Das MSPD-Blatt - Fränkische Tagespost - wagt sich gegenüber der Zensur aus der Deckung und fordert unumwunden die Abdankung des Kaisers. Wilhelm II. müsse doch selbst jeden Tag erleben, wie lächerlich sein Anspruch "Gottes Instrument" zu sein, tatsächlich ist. Nachdem er noch vor wenigen Monaten die Neuordnung Osteuropas unter monarchistischen Vorzeichen vorangetrieben habe, stehe er nun vor den Scherben seiner menschenverachtenden Politik. "Höchste Zeit selbst ein patriotisches Opfer zu leisten!", findet das Blatt.

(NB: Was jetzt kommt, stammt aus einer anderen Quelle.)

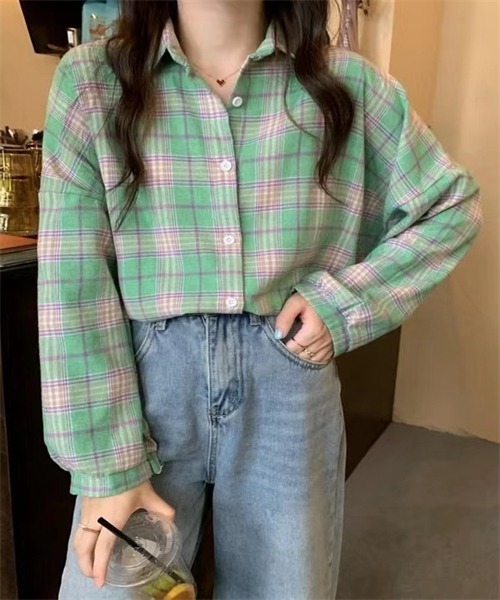 FREE STYLISTS(フリー スタイリスト)の「オーバーサイズ チェック微起毛素材 長袖シャツ(シャツ/ブラウス・レディース・ブラウン/ピンク/イエロー/グレー/ブルー/オリーブ/ブラック/ピンク系その他/グリーン/オレンジ/キャメル/イエロー系その他/ブラック×ピンク/グレー系その他・FREE)」の7枚目の写真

Die Frage der Abdankung des Kaisers, wie sie nicht nur die Arbeiterparteien, sondern auch die Entente vehement fordern, wird aufgrund von Wilhelms Unnachgiebigkeit in dieser persönlichen Frage das endgültige Ende aller deutschen Monarchien nach sich ziehen. Hätte er rechtzeitig abgedankt, so darf spekuliert werden, wäre neben den weit beliebteren kleineren Bundesfürsten eventuell sogar das Herrscherhaus Hohenzollern in Form einer konstitutionellen Monarchie erhalten geblieben.
Volltext:
Immer mehr konzentriert sich im Gefühl des Volkes die ganze Verantwortlichkeit für die gegenwärtige Lage auf die Person des Kaisers. […]
In Wilhelm II. sehen wir den letzten deutschen Militärmonarchen. Er ist der Träger des größten Krieges der Welt, der damit endet, daß das Militärsystem zusammenbricht und daß sich Deutschland, auch das offizielle Deutschland, in einen Völkerbund eingliedert, der die Abrüstung zur Folge hat. Daß dieses Deutschland als Glied des Völkerbundes den Anschauungen Wilhelms II. durchaus nicht entsprechen kann, muß man begreifen. […]
Und nun wankt das System des preußischen Militarismus, noch weit mehr als in seinen Grundfesten, in seiner Spitze. Noch ist Wilhelm II. Deutscher Kaiser und König von Preußen, aber er empfindet wohl selbst, daß er nicht mehr das sein kann, als was er sich seit dem ersten Tage seines politischen Erwachens gefühlt hat: als ein von Gott eingesetztes „Instrument“; vor allem als der oberste Kriegsherr der glänzendsten und bestorganisiertesten Armee. Wilhelm II. muß sich selbst fremd erscheinen, wenn er die Staatssekretäre ernennen muß, die ihm Beschlüsse der sozialdemokratischen Reichstagsfraktion und der Generalkommission der Gewerkschaften Deutschlands nennen. Wilhelm II. muß Wilsons Voraussetzungen für den Waffenstillstand unfaßbar finden. Da die Oberste Heeresleitung und der ihm so fremde Rat von Staatssekretären diese Bestimmungen für erörterbar hält, bricht alles zusammen, was er in überschwänglichen Telegrammen an die baltischen Barone, was er in Erörterungen mit dem Hetman der Ukraine festgelegt zu haben meinte, was er über Polen bestimmt hat. Was ist Wilhelm II. sich selbst, wenn er auf dem Tempelhofer Felde die Revue über die Berliner Garnison abnehmen kann! Wilhelm II. muß sich selbst als deutschen Kaiser unmöglich erscheinen. Er scheint aber auch einem neuen Deutschland nicht als der geeignete Ausdruck der Volksgemeinschaft, die unter seinem System in der Vergangenheit und unter den Folgen diesem System schwer zu leiden hat. […]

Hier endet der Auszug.